▸ REQUIRED WORK:
Where the line containing "Fantasy Village Stylized Modular MEGA PACK" appears in the entries below, start there and print only that line and every line after it, exactly, through the end, excluding pictures.

▸ Brief descriptive captions:
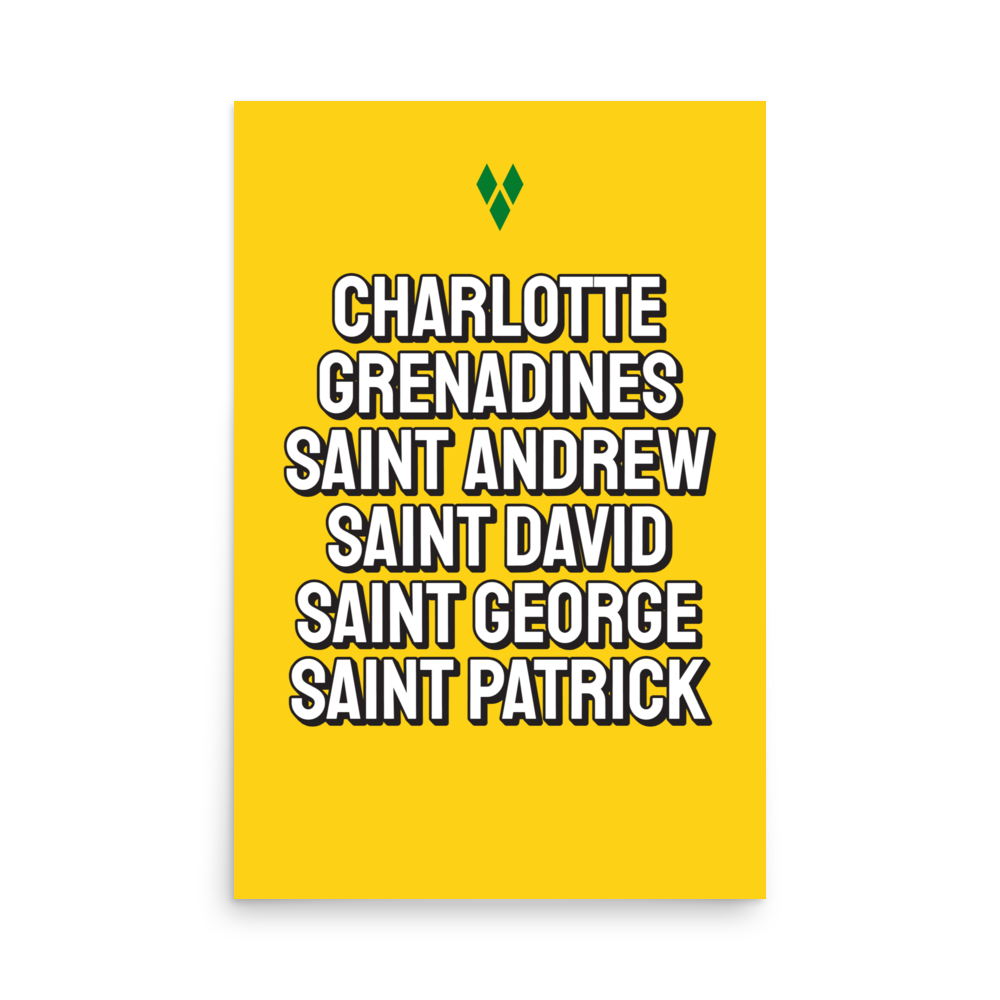 Saint Vincent and The Grenadines Parishes Poster in Bold Yellow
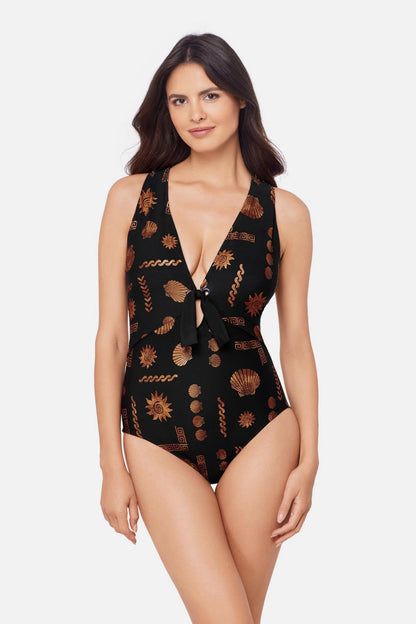 Magicsuit Halle One Piece in Clamdigger Black/Multi | Miraclesuit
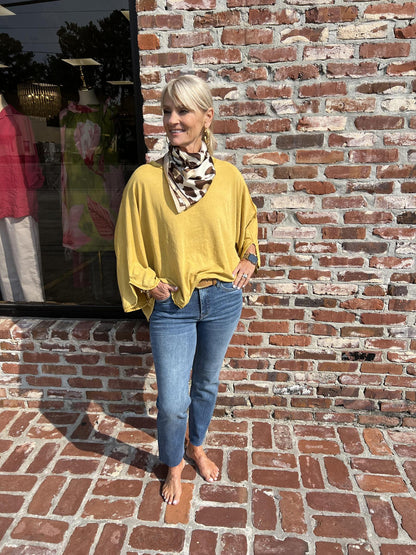 One Size Bat Wing Tee- Mustard
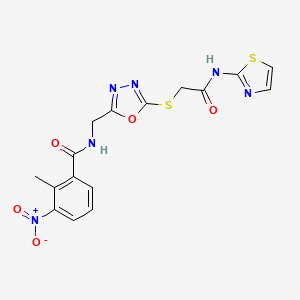 2-methyl-3-nitro-N-((5-((2-oxo-2-(thiazol-2-ylamino)ethyl)thio)-1,3,4-oxadiazol-2-yl)methyl)benzamide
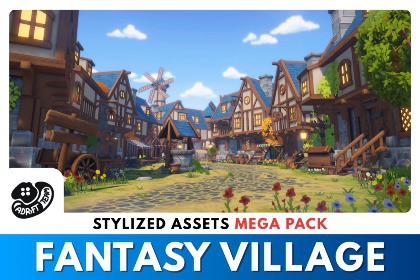 Fantasy Village Stylized Modular MEGA PACK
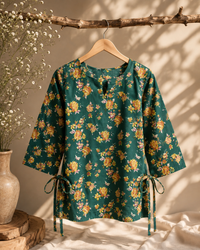 Emerald green floral side- tie cotton top Thumbnail 1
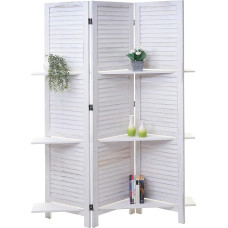 Mendler T752 Screen Room Divider with Shelves 170 x 125 cm Shabby Look White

▸ ANSWER SPACE:
 Fantasy Village Stylized Modular MEGA PACK
 Emerald green floral side- tie cotton top Thumbnail 1
 Mendler T752 Screen Room Divider with Shelves 170 x 125 cm Shabby Look White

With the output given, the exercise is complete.